§ **WHAT YOU NEED TO DO**:
Pictures excluded, copy word for word the lines from the one holding "Destin Condo |" through the last line below.
START STORED DATA
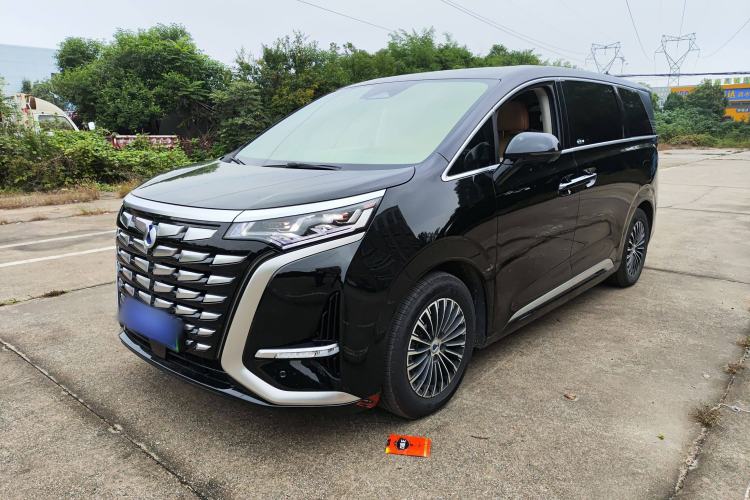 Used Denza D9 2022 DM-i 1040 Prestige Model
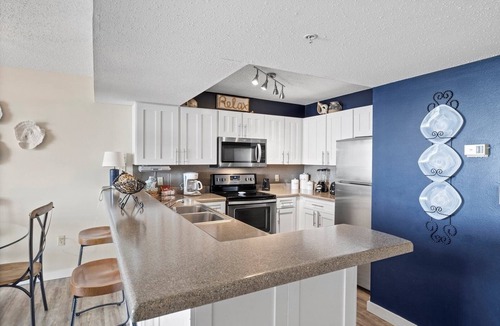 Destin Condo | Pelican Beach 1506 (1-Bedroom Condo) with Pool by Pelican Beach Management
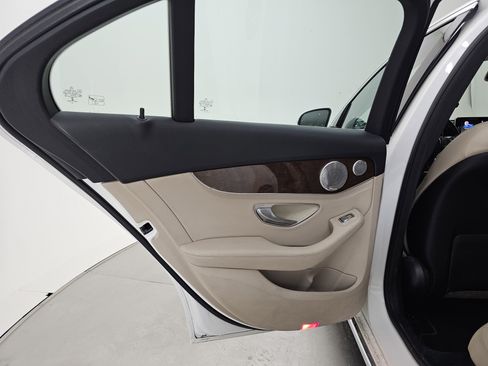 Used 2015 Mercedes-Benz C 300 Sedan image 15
END STORED DATA
§ **RESPONSE FOR THIS EXERCISE**:
 Destin Condo | Pelican Beach 1506 (1-Bedroom Condo) with Pool by Pelican Beach Management
 Used 2015 Mercedes-Benz C 300 Sedan image 15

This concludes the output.